Feast of St. Augustine

August 28, 2007

Augustine received his name either on account of his high dignity or because of the fervor of his love, or again due to the etymology of the name. He was augustinus by his high rank, because, as Augustus the emperor had excelled above all kings, so Augustine, as Remy says, surpasses all doctors. Other doctors are compared to the stars: “They that instruct many to justice [shall shine] as stars for all eternity.” But Augustine is compared to the sun, as is clear from the epistle that is sung in his honor, since “as the sun when it shines, so did he shine in the temple of God.” Secondly, his name befitted the fervor of his love, because, as the month of August is fervent with the heat of the weather, so Augustine is fervent with the fire of the love of God. In his Confessions he says of himself: “You have pierced my heart with the arrow of your love”; and in the same book: “Sometimes you put into my innermost being a very unaccustomed affection — I know not what sweetness — which, if it be made perfect in me, I know not what it will be unless it will be eternal life.”
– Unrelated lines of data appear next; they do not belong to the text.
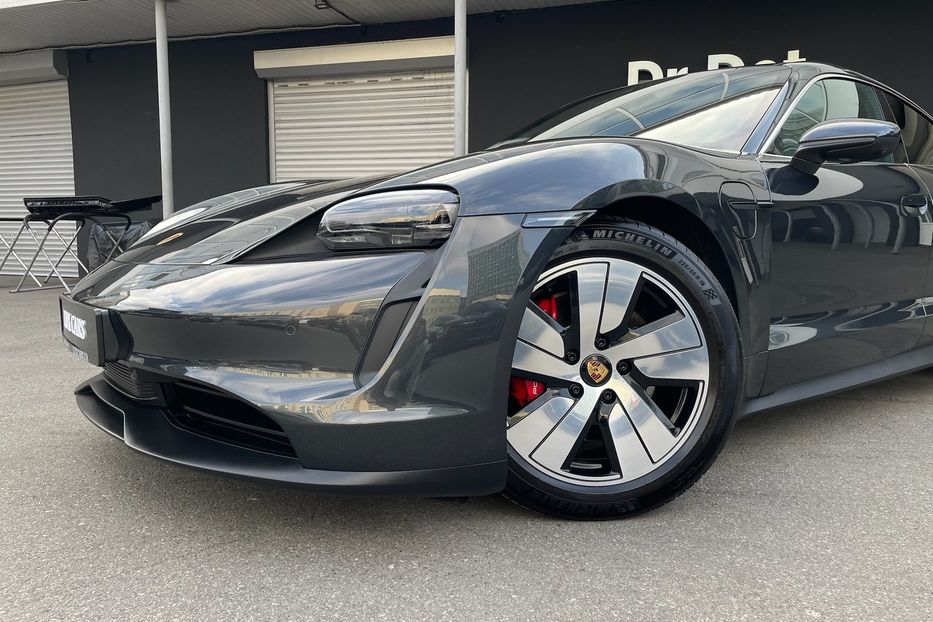 Продам Porsche Taycan 4s 2022 года в Киеве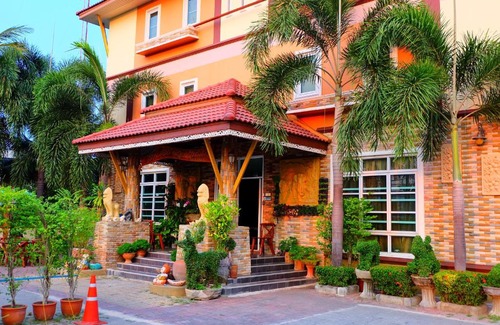 Lop Buri Hotel | Siam House Interplace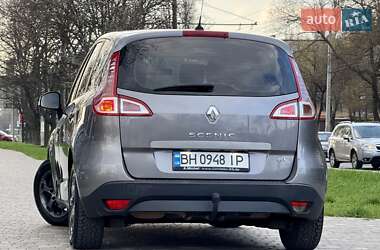 Минивэн Renault Scenic 2011 в 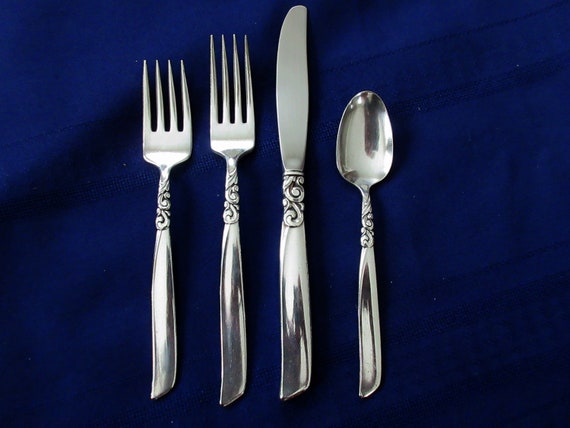 31 Pcs Service for 7 of Prestige/oneida Silverplate in GAY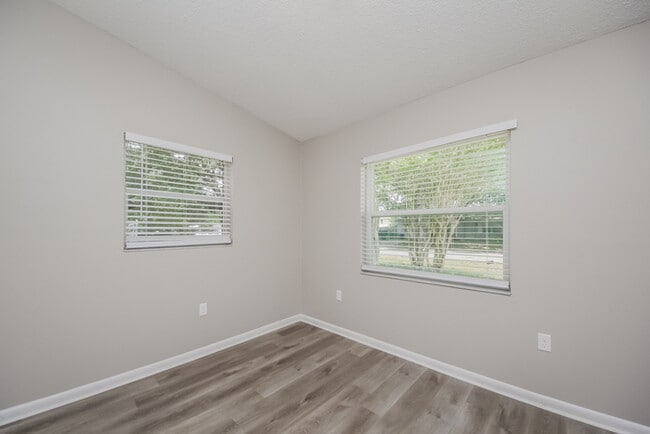 Building Photo - 204 Lily Pad Ln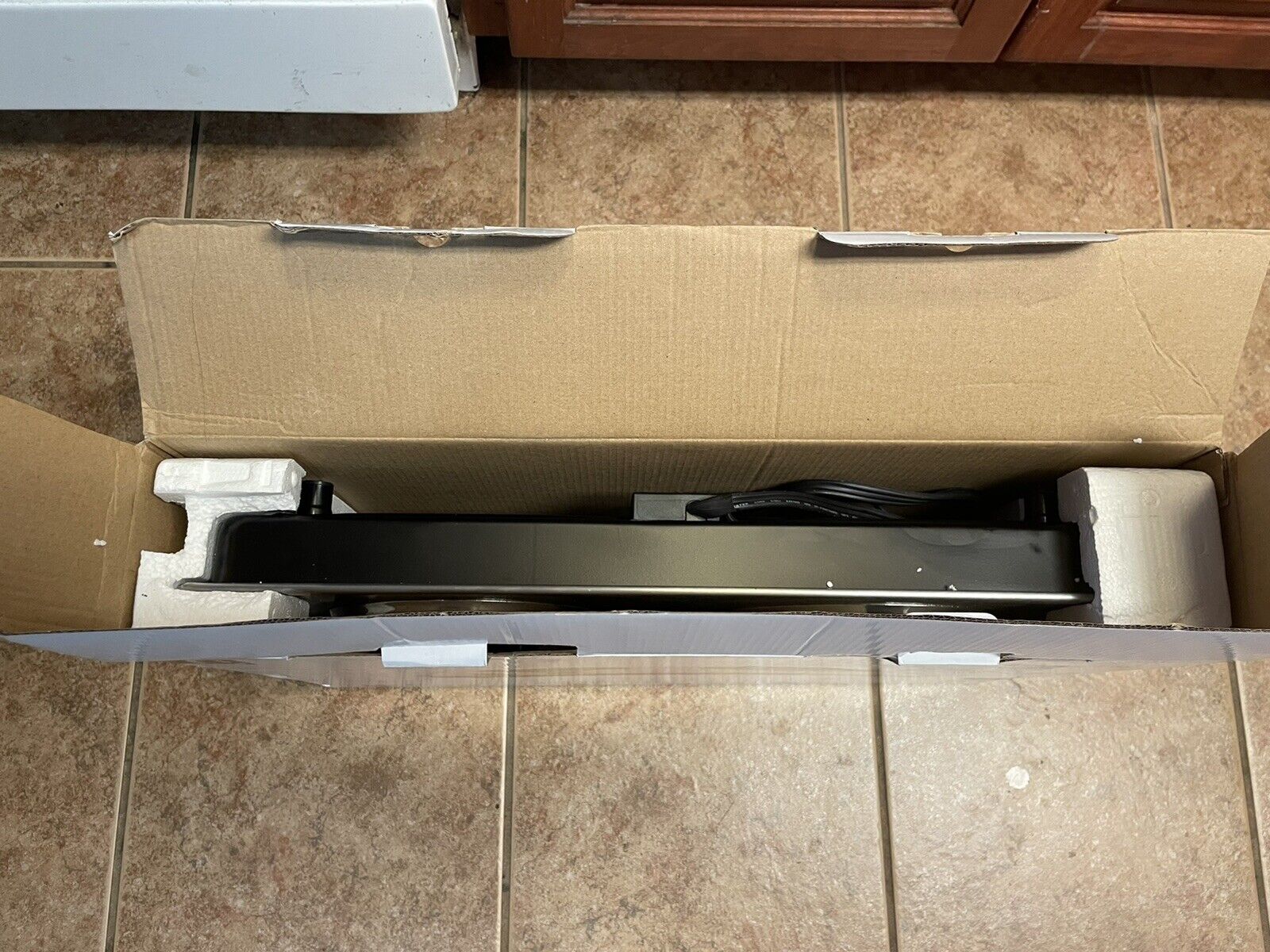 Cusimax CMHPC180 1800W Hot Plate Countertop Burner - Fresh Stock Dated February 2026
Thirdly, there is the etymology of the name. Augustinus comes from augeo, I increase, astin, city, and ana, above. Hence Augustine is one who increases the city on high, wherefore we sing of him: “qui praevaluit amplificare civitatem” — he who is powerful enough to enlarge the city. About this city he himself says in the eleventh book of the City of God: “The city of God has origin, knowledge, happiness. If one asks whence the city comes, God founded it; if whence its wisdom comes, it is enlightened by God; if whence its happiness, it has God to enjoy. From him it has subsistence and measure, contemplating him it has its light, inhering in him, its pleasure. It sees and loves, it flourishes in God’s eternity, it shines in God’s truth, it has enjoyment in God’s goodness.” Or, as the Glossary says, the name Augustine means magnificent, happy, excellent. The saint was magnificent in his life and excellent in his teaching, and is happy in eternal glory.

His life was complied by Possidius, bishop of Calama, as Cassiodorus says in his Book of Illustrious Men.